** Data shown follows **
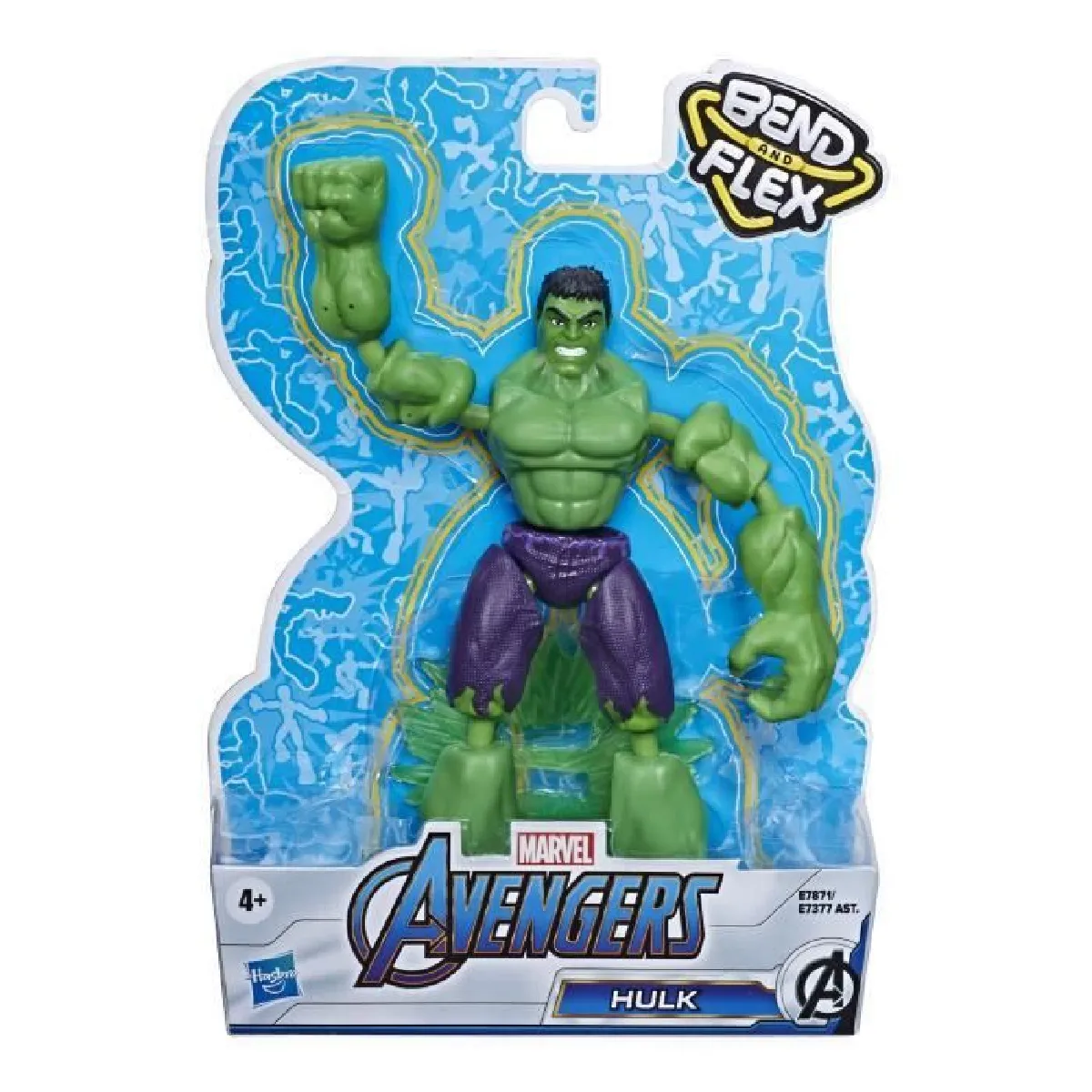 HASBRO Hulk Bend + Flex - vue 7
** End of Data shown **
** Data shown follows **
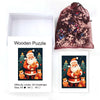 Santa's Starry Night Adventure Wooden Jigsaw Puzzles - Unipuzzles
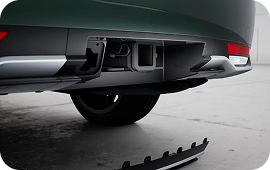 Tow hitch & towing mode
** End of Data shown **
◆ **Directions**: In the listing above, the required lines run from the line with "Santa's Starry Night" through the line with "Tow hitch & towing mode". Output exactly those lines, omitting pictures.

◆ **Problem solution**:
 Santa's Starry Night Adventure Wooden Jigsaw Puzzles - Unipuzzles
 Tow hitch & towing mode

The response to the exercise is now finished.